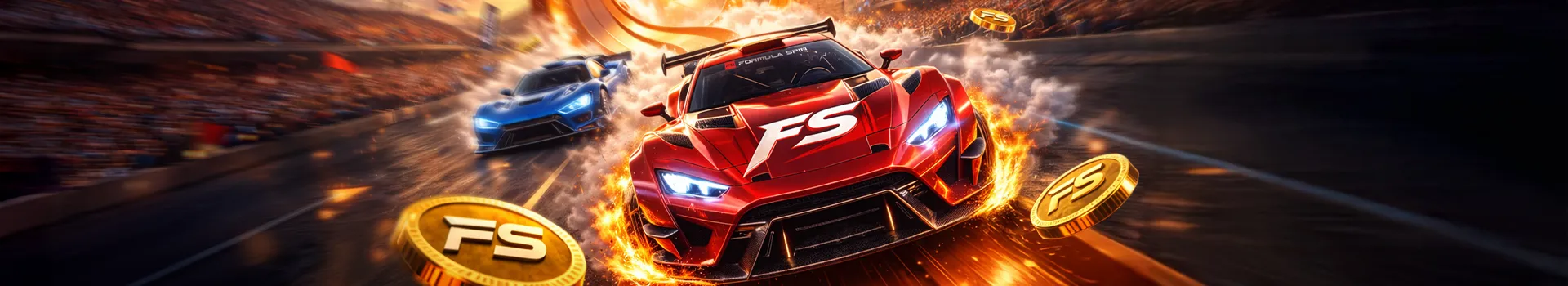 promo image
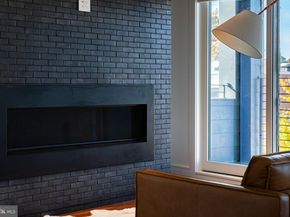 815 S 20TH Street, Philadelphia PA 19146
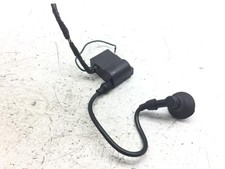 BOBINA ACCENSIONE CENTRALINA CDI MOTORE MALAGUTI CENTRO SL KAT 50 1999 2000 4900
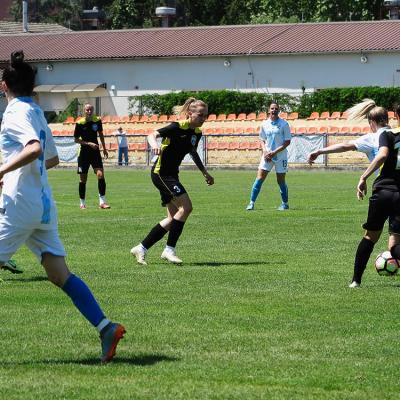 Osijek-Rijeka, 15.05.2022.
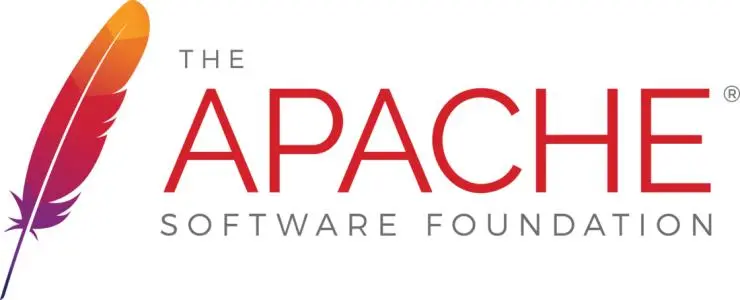 windows系统下安装apache的教程-淇云博客-专注于IT技术分享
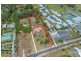 55 Kurrajong Drive, Burpengary QLD 4505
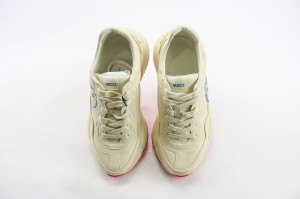 Gucci Shoes GUS1000078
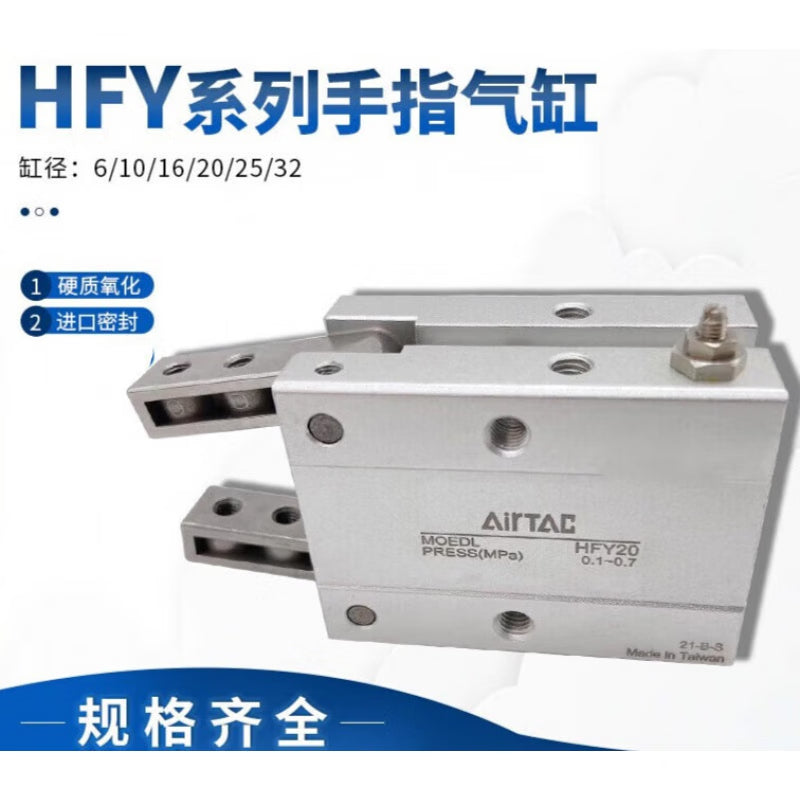 2613ad432e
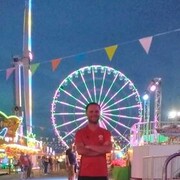  Szczecin Pogodno,   VictOr, 41 ,   ,   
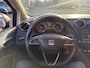 SEAT Ibiza 1.2 TSI FR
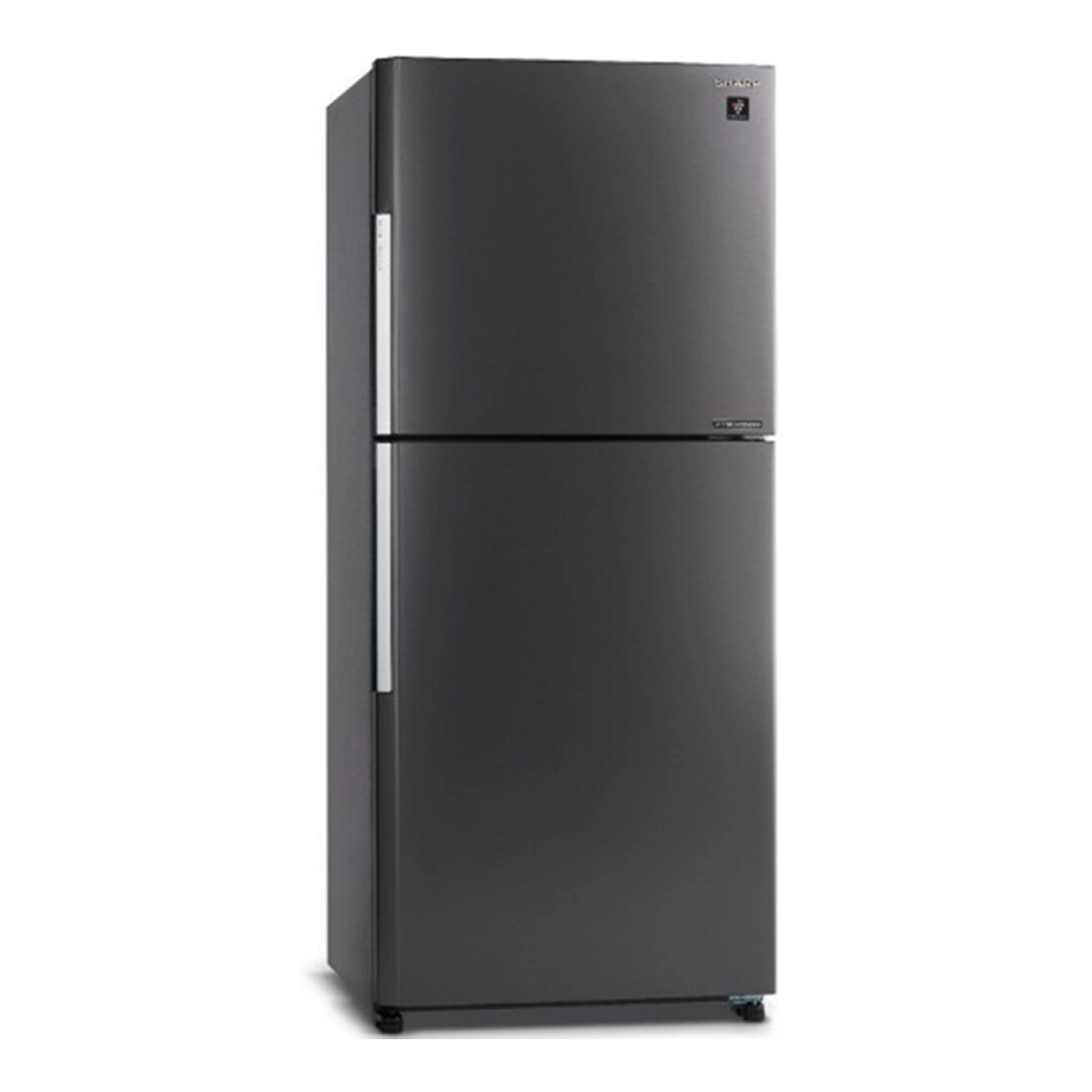 Ảnh minh họa Tủ lạnh Sharp 471L 2025 (SJ-XP500AE-DS) 1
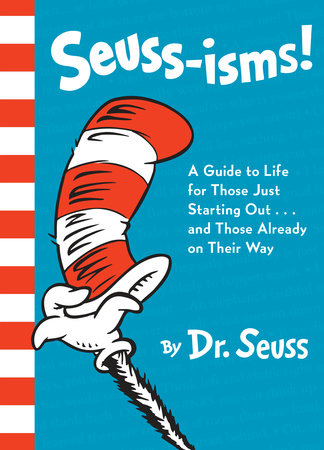 Seuss-isms!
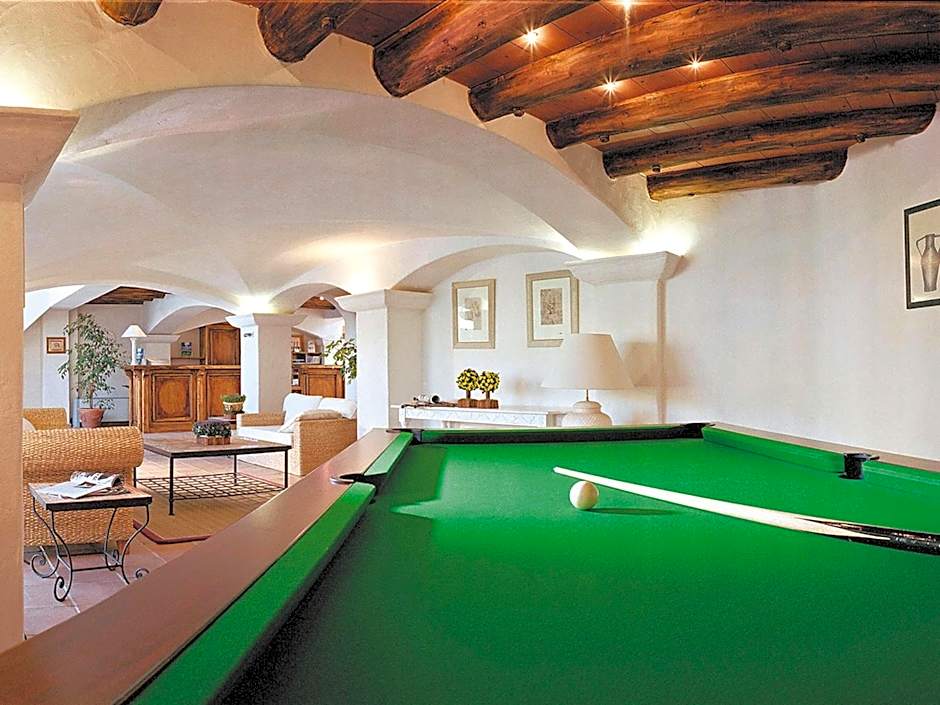 Lagrange Vacances Port-Marine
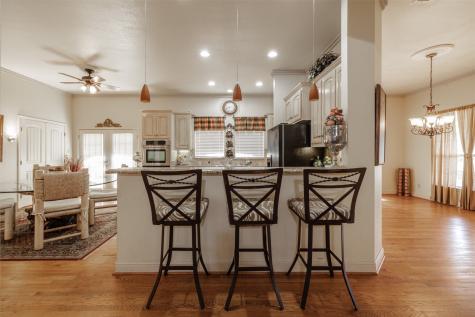 4699 County Road 1600 Alba TX 75410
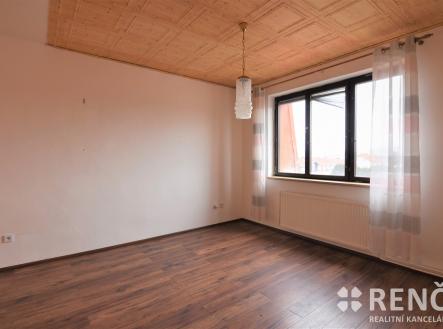 DSC_0699 | Pronájem bytu, 1+1, 36 m²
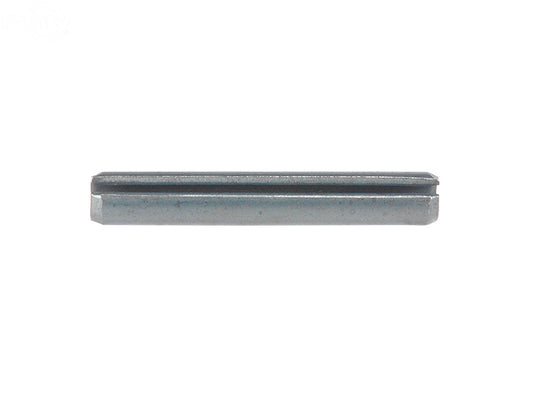 # 114  ROLL PIN RP-3/16 X 1-1/4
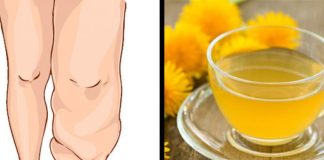 OVIH DESET NAMIRNICA ĆE VAS OSLOBODITI VIŠKA VODE U TIJELU: Probajte ove prirodne diuretike! OVIH DESET NAMIRNICA ĆE VAS OSLOBODITI VIŠKA VODE U TIJELU: Probajte ove prirodne diuretike! - featured image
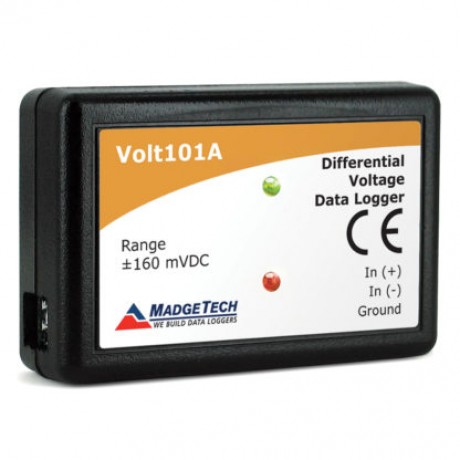 Volt101A-15V image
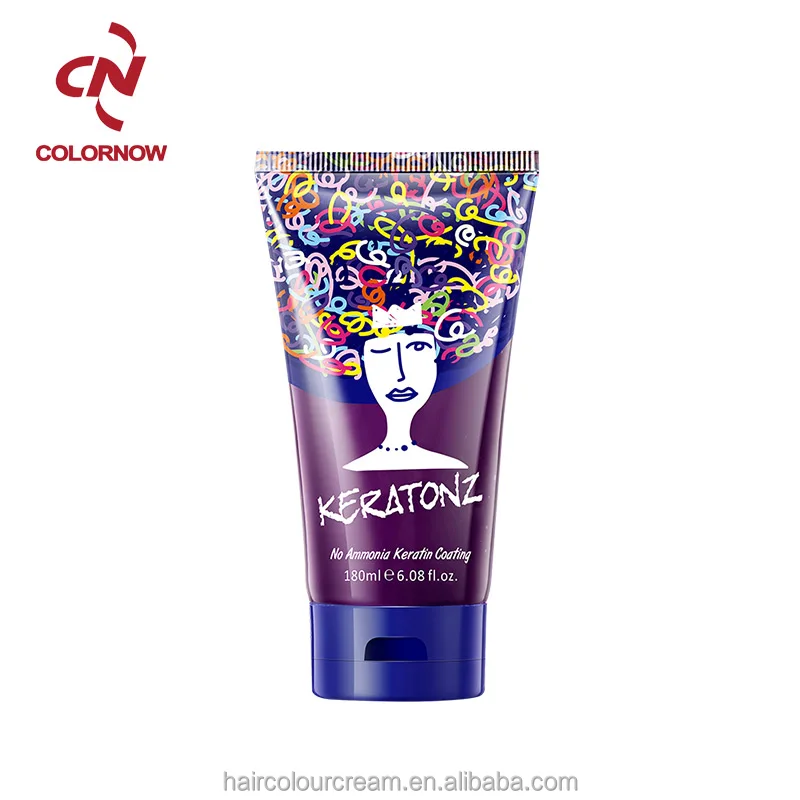 Salon Selective Professional Hair Color Manufacturers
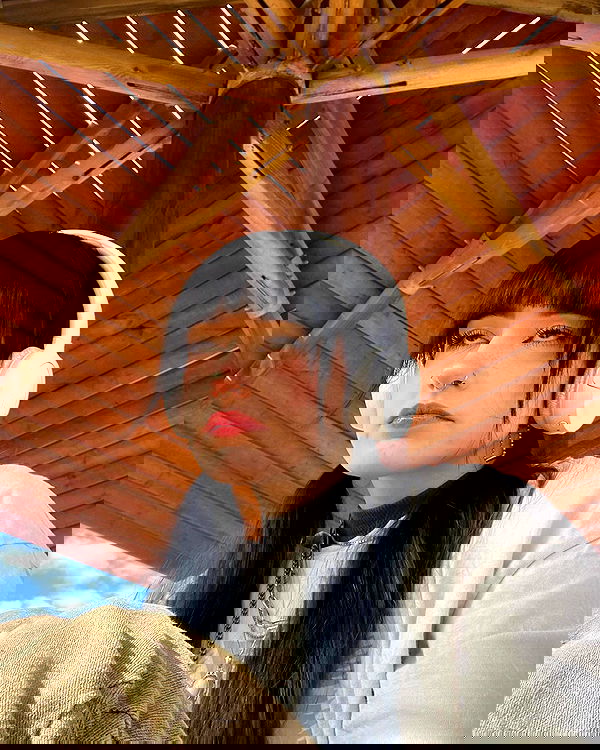 feelbetterinmysweater feelbetterinmysweater archive image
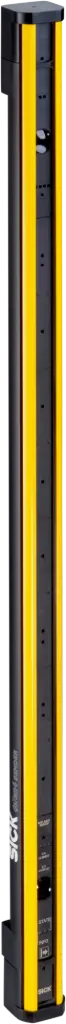 SICK M4P-SA02500A00 (New)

> _About this exercise_: Set down word for word the lines beginning with the one containing "55 Kurrajong Drive, Burpengary QLD 4505" and ending with the last line of the listing, inclusive. Omit every picture.

> _Exercise answer_:
 55 Kurrajong Drive, Burpengary QLD 4505
 Gucci Shoes GUS1000078
 2613ad432e
  Szczecin Pogodno,   VictOr, 41 ,   ,   
 SEAT Ibiza 1.2 TSI FR
 Ảnh minh họa Tủ lạnh Sharp 471L 2025 (SJ-XP500AE-DS) 1
 Seuss-isms!
 Lagrange Vacances Port-Marine
 4699 County Road 1600 Alba TX 75410
 DSC_0699 | Pronájem bytu, 1+1, 36 m²
 # 114  ROLL PIN RP-3/16 X 1-1/4
 OVIH DESET NAMIRNICA ĆE VAS OSLOBODITI VIŠKA VODE U TIJELU: Probajte ove prirodne diuretike! OVIH DESET NAMIRNICA ĆE VAS OSLOBODITI VIŠKA VODE U TIJELU: Probajte ove prirodne diuretike! - featured image
 Volt101A-15V image
 Salon Selective Professional Hair Color Manufacturers
 feelbetterinmysweater feelbetterinmysweater archive image
 SICK M4P-SA02500A00 (New)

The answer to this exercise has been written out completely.